Pode-se imaginar a felicidade do presidiário ao receber a agradável visita de Cristiano Zanin na semana que vem.

Lula sem discurso

Lula vai tentar transformar o banco dos réus num palanque contra Sergio Moro.

Diz a Folha de S. Paulo:

“Aliados esperam que o ex-presidente aproveite o momento para se manifestar sobre a indicação de Moro ao ministério, e questione a imparcialidade do juiz, que deve pedir exoneração até o fim do ano.”

A juíza Gabriela Hardt tem de cortar esse discurso, porque Sergio Moro já anunciou que não vai sentenciar o chefe da ORCRIM.

“O Lula é meu amigo, mexeu com ele, mexeu comigo”

Em uma melancólica entrevista em frente à carceragem da PF em Curitiba, Paulo Pimenta atacou Raquel Dodge, dizendo ser “vergonhoso” o silêncio da procuradora-geral da República diante da indicação de Sergio Moro para o Ministério da Justiça.

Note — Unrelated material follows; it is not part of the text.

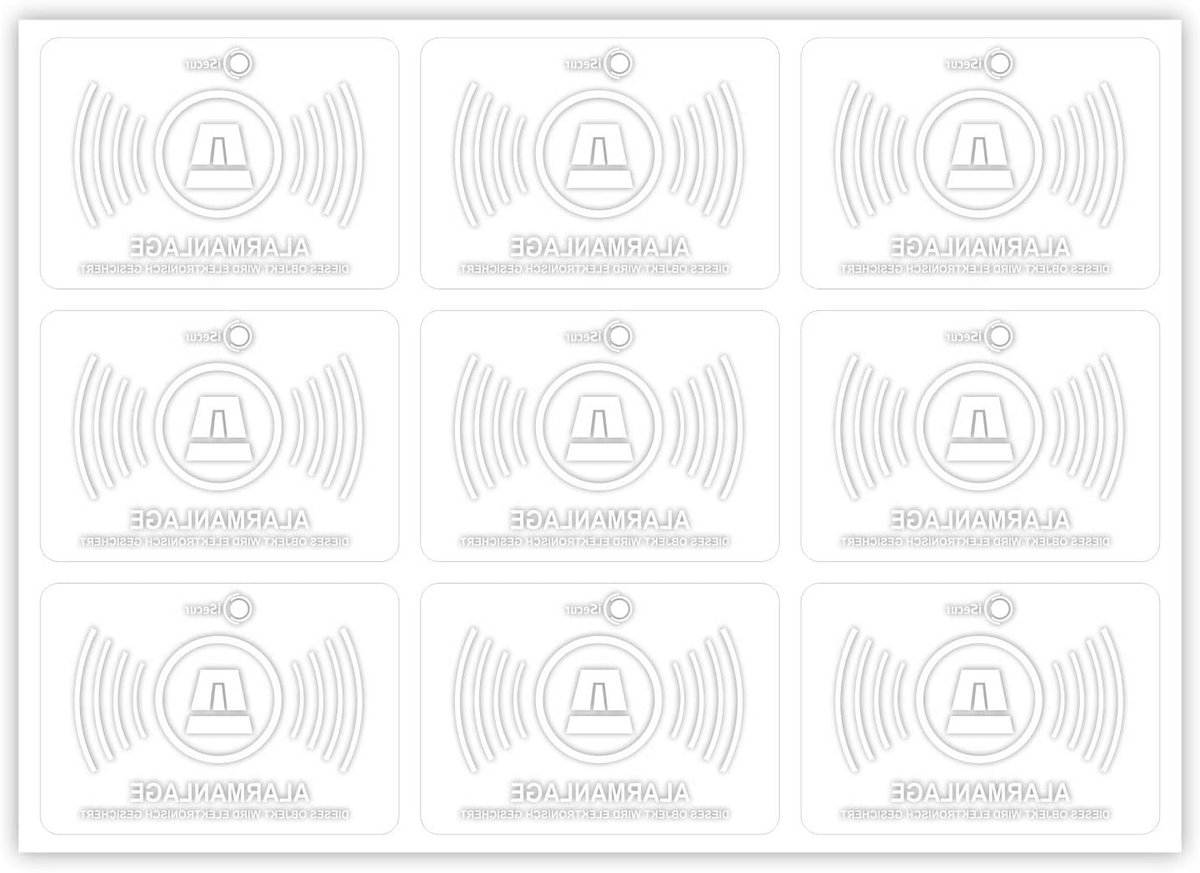 Alarminstallatie stickers - Veiligheidsstickers woning - Beveiliging markeren - UV-bestendig vergelingsvrij - 5 x 35 cm - Transparant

Em seguida, o deputado petista foi interrompido por umas três pessoas que puxaram o grito de “o Lula é meu amigo, mexeu com ele, mexeu comigo”.

Ele volta?

Roberto Teixeira, acusado de lavagem de dinheiro no caso do sítio de Lula, “vai ao exterior para se consultar com um médico”, diz a Veja.

Depois ele volta, não é?

O pavor do PT

“Com a vitória de Jair Bolsonaro, a prisão prolongada de Lula e o desgaste da imagem da sigla, os petistas se armam para uma batalha duradoura”, diz Bruno Boghossian, na Folha de S. Paulo.

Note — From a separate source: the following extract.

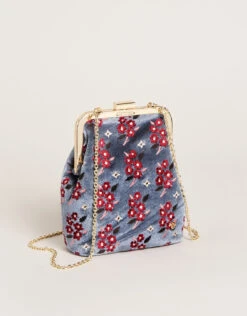 Evening Bag White Hall Blossom Sprig Slate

Na verdade, o PT está apavorado com Sergio Moro.

“Dirigentes temem que a Justiça Eleitoral obrigue o PT a pagar R$ 20 milhões para devolver o dinheiro gasto com a candidatura de Lula ou reabra processos que pedem a cassação do registro da sigla”.

A caravana lulista sumiu

Antes de ser interrogado pela juíza Gabriela Hardt, Lula vai receber a visita de Fernando Haddad.

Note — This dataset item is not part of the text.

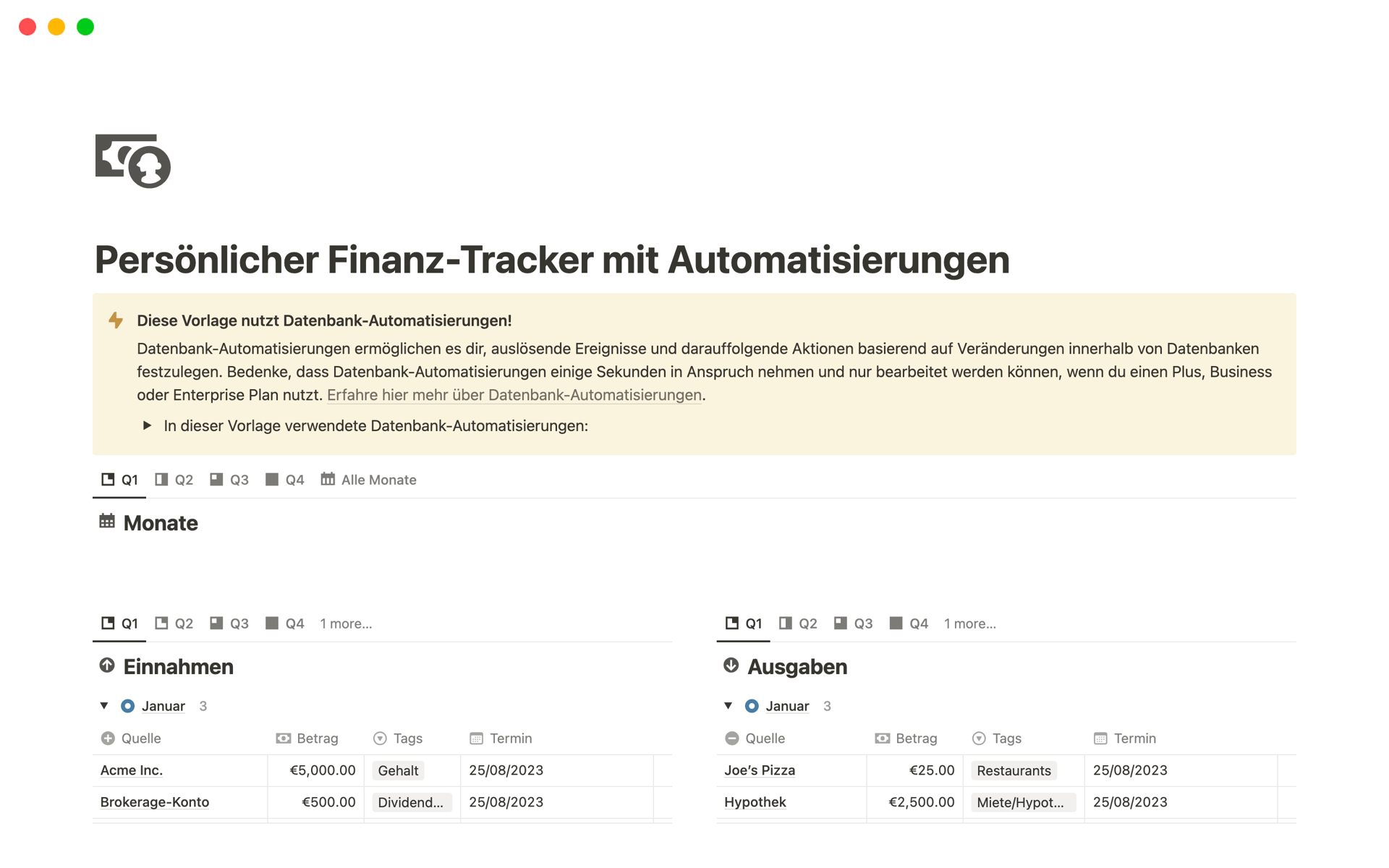 Eine Vorlagenvorschau für Persönlicher Finanz-Tracker mit Automatisierungen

“Ao contrário dos depoimentos anteriores”, diz a Folha de S. Paulo, “não está prevista a realização de grandes atos, nem são esperadas numerosas caravanas de outros estados.

O esquema de segurança em torno da sede da Justiça Federal também foi reduzido: apenas um pequeno trecho na avenida Anita Garibaldi, no entorno do prédio, ficará bloqueado para carros. O bloqueio começará somente após a chegada da escolta da PF, e deve durar até o término do interrogatório.”

Feliz 2019, Lula

Lula só vai ser condenado pela propina do sítio em Atibaia no ano que vem, depois do recesso, a partir de 8 de janeiro.

No mesmo período, ele deve ser condenado também pela propina do Instituto Lula.

E veja ainda:

>> Laudo mostra perícias e fotos do sítio de Lula em Atibaia

No Estadão: Lula deixa prisão pela 1ª vez  em 7 meses para depor com substituta de Moro

Luiz Inácio Lula da Silva deixa no fim da manhã desta quarta-feira, 14, a sede da Polícia Federal em Curitiba pela primeira vez desde que foi preso, no dia 7 de abril. O ex-presidente será ouvido como réu da ação penal do sítio de Atibaia (SP). Nessa ação penal, o petista é acusado de 10 atos de corrupção e 44 de lavagem de dinheiro, na Operação Lava Jato.

O interrogatório começa às 14h. É a terceira vez que Lula será interrogado como réu da Lava Jato, a primeira foi em 10 maio de 2017, a segunda vez, em 13 de setembro. Mas a primeira como preso e também sem o juiz federal Sérgio Moro, que se afastou dos processos para ser futuro ministro da Justiça e Segurança Pública do governo de Jair Bolsonaro (PSL).

Lula sustenta que é inocente, que não existem provas contra ele e que é vítima de uma perseguição política nos processos da Lava Jato. Sua defesa acusa também Moro de ter perdido a imparcialidade nos processos e tenta, sem sucesso, anular os casos.